** HOW TO COMPLETE THIS TASK **
Retype, word for word, every line starting at the line with "José Luis Chávez" and ending with the final line of the entries; skip the pictures.

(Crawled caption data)
--------------------------------
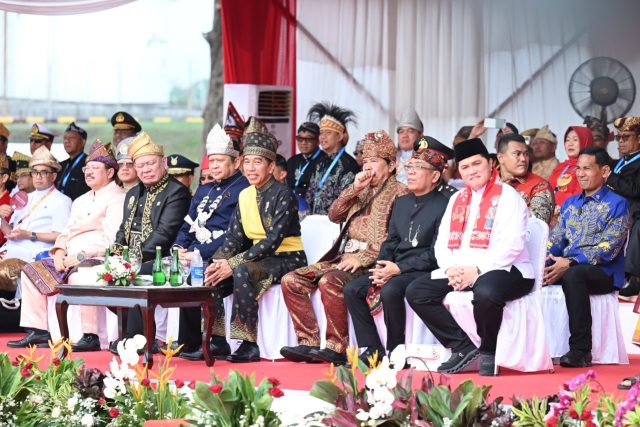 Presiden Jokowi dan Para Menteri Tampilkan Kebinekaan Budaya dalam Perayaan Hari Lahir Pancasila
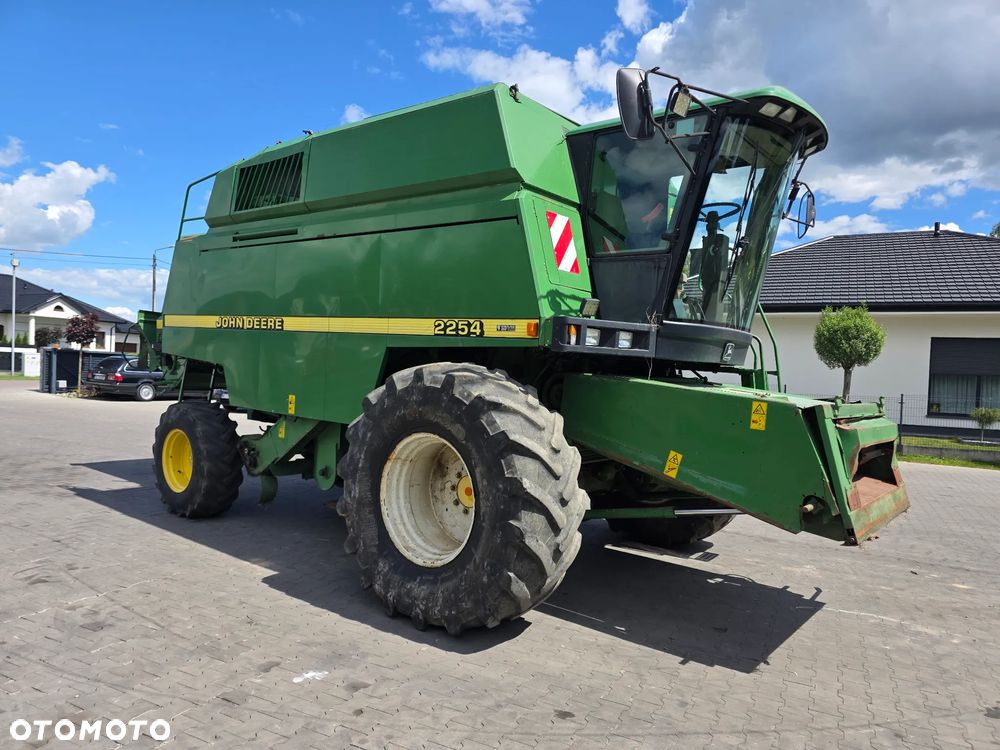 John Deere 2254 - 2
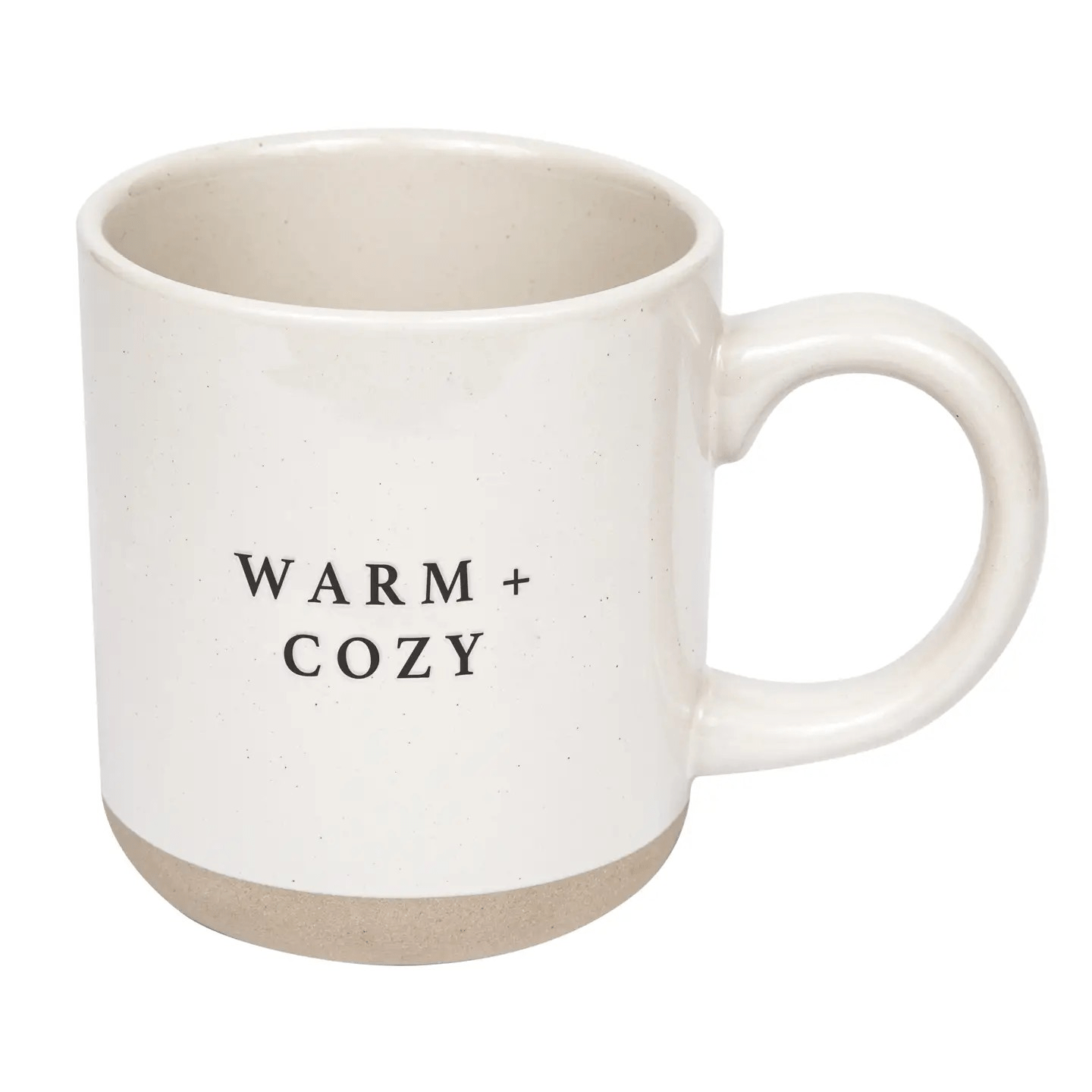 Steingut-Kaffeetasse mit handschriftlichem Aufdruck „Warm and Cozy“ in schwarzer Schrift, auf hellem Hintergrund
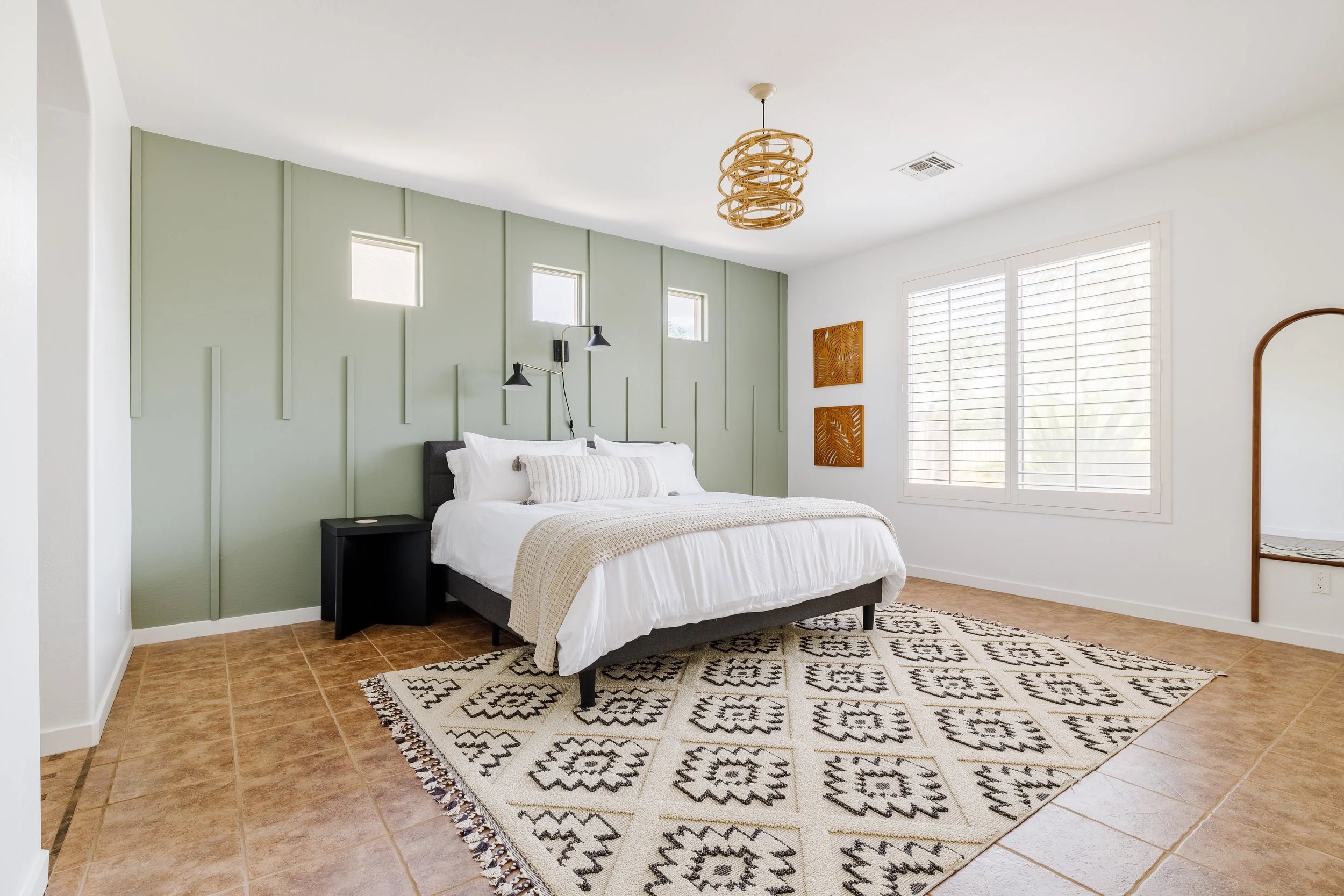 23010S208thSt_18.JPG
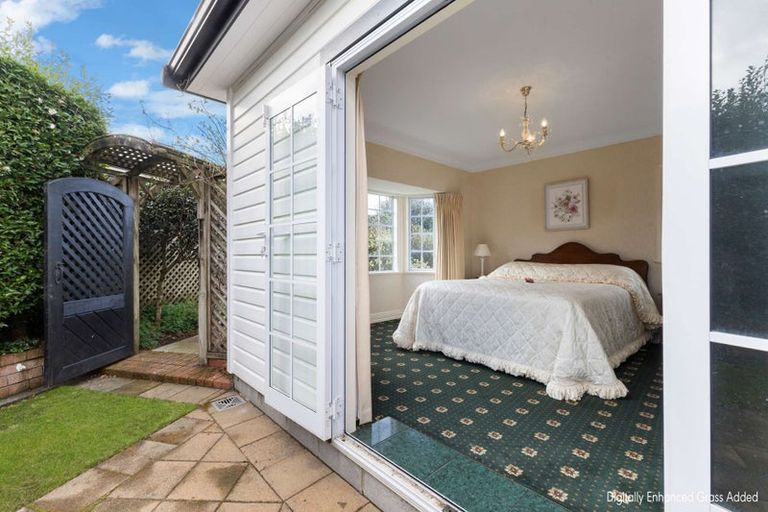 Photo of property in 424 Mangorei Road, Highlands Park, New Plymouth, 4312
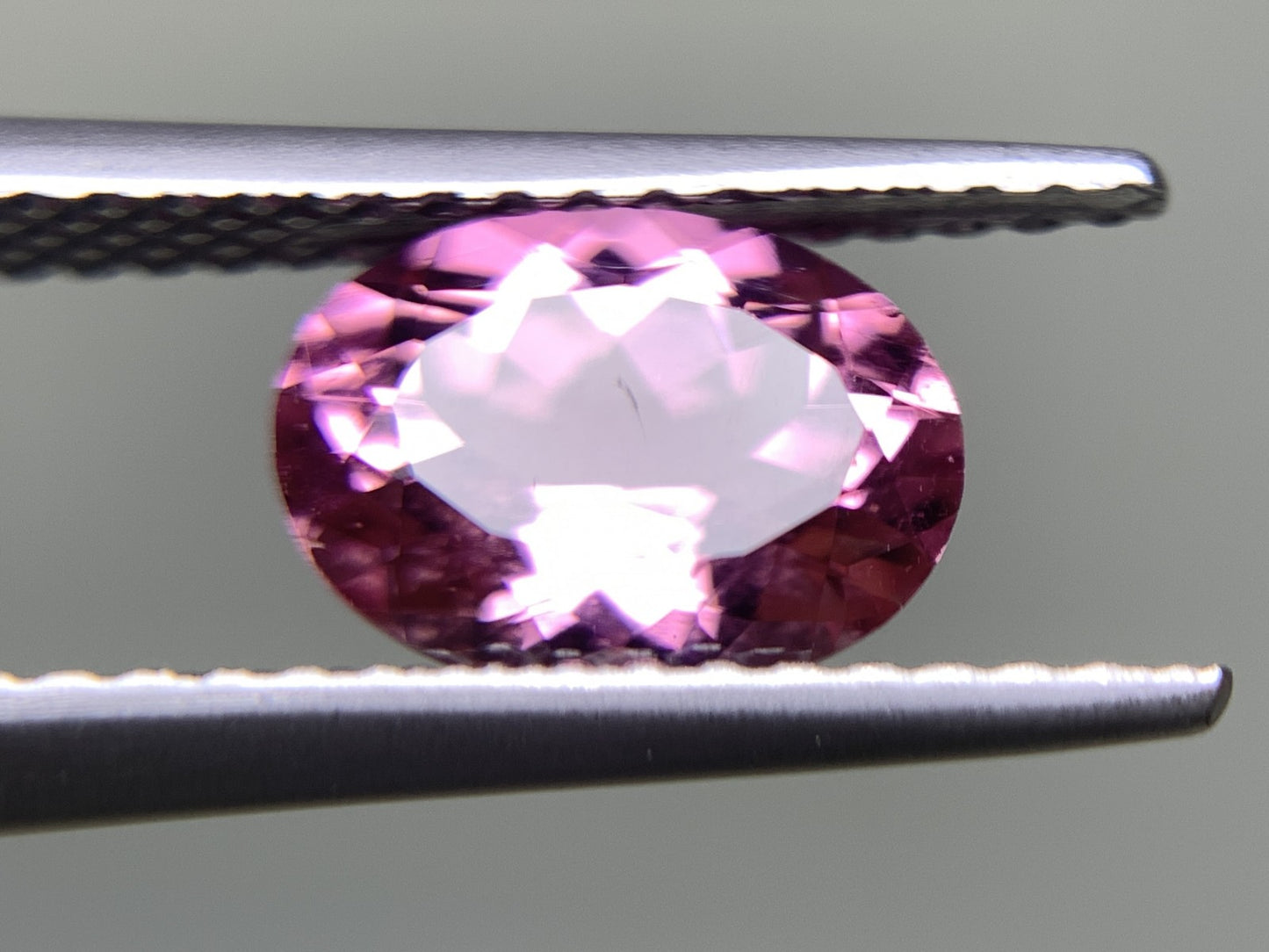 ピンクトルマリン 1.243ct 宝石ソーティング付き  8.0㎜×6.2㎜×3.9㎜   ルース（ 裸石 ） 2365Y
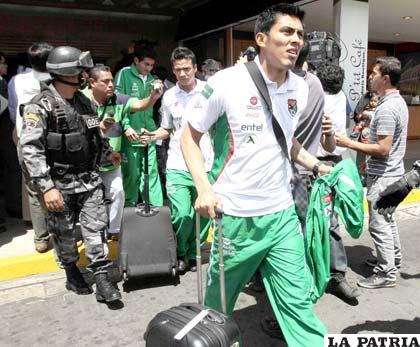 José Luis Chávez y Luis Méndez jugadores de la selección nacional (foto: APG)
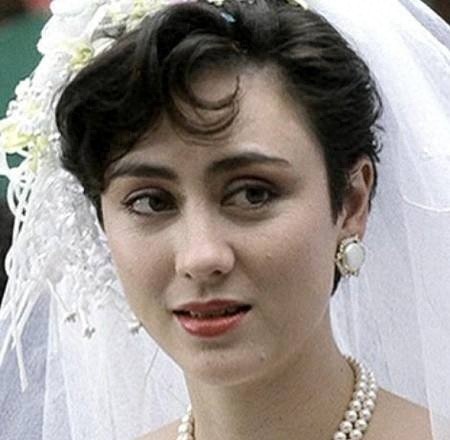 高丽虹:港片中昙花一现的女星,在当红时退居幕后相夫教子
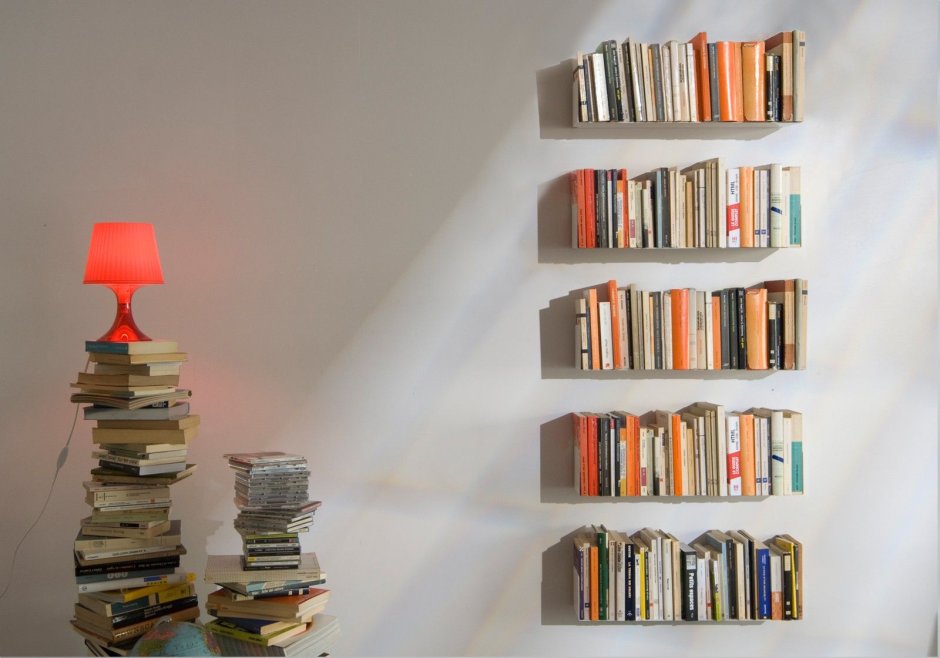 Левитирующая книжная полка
--------------------------------
** RESPONSE BOX **
 José Luis Chávez y Luis Méndez jugadores de la selección nacional (foto: APG)
 高丽虹:港片中昙花一现的女星,在当红时退居幕后相夫教子
 Левитирующая книжная полка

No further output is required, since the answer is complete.